The network sets the buyer's gas cost and how fast the payment finalises. Paying a $20 invoice is painful if network fees are several dollars, so for everyday payments you want a chain where gas is cents, not dollars. That is exactly what Ethereum Layer 2s were built for, ethereum.org's Layer 2 overview explains the model.

USDC and USDT are the same dollar wherever they settle, so the choice is about fees, speed, and where your buyers already hold funds.

How do the main networks compare?

All of these are EVM chains, so the integration is identical; they differ mainly in fees and ecosystem.

  • Base, very low fees, fast, growing consumer adoption. A strong default for new merchants.
  • Arbitrum & Optimism, mature L2s with deep stablecoin liquidity and low fees.
  • Polygon, long-established, cheap, widely supported by wallets and tooling.
  • Ethereum mainnet, highest fees, but some buyers and treasuries prefer to settle there.

How do you compare networks objectively?

Fees and activity shift over time, so check current data rather than rules of thumb. L2BEAT tracks the value secured and activity across Layer 2s, which is a useful proxy for liquidity and maturity when you decide which chains to enable.

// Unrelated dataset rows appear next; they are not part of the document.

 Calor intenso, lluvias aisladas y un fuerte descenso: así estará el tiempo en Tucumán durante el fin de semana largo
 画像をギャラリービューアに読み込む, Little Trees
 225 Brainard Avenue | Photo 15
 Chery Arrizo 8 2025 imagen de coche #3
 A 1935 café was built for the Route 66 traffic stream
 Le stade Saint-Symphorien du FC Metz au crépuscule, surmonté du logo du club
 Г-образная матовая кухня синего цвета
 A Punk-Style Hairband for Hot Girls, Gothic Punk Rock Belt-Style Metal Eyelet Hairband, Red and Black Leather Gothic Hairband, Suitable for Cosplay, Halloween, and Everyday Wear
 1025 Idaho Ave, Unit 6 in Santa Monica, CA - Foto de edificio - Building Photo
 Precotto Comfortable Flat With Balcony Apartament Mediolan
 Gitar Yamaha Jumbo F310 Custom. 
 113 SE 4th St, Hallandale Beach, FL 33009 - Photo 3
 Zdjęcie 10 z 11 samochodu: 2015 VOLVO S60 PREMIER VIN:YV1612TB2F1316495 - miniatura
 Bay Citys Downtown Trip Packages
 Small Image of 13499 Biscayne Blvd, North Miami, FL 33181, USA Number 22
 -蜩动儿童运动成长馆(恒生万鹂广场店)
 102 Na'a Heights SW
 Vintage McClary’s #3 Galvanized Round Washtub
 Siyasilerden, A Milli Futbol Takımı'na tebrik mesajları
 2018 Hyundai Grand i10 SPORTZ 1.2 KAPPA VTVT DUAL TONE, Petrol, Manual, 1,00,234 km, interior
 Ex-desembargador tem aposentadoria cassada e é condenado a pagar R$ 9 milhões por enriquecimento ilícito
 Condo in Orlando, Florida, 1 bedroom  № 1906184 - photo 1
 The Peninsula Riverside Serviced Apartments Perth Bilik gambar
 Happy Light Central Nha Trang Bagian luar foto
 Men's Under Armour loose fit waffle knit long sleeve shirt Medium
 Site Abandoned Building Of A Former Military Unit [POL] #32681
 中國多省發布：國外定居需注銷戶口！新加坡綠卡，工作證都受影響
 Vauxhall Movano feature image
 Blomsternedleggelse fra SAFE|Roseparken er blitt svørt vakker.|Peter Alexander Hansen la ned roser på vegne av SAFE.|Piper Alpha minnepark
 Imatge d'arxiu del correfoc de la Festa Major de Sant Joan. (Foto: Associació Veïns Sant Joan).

Do you have to pick just one?

No. The pragmatic answer is to accept a small set, say Base plus one or two other L2s, and let the buyer choose. With InfraIO Pay you select the token-and-network combinations you accept, the buyer only sees those, and any other EVM chain can be added on request. That keeps checkout simple for buyers while covering where your audience actually holds funds.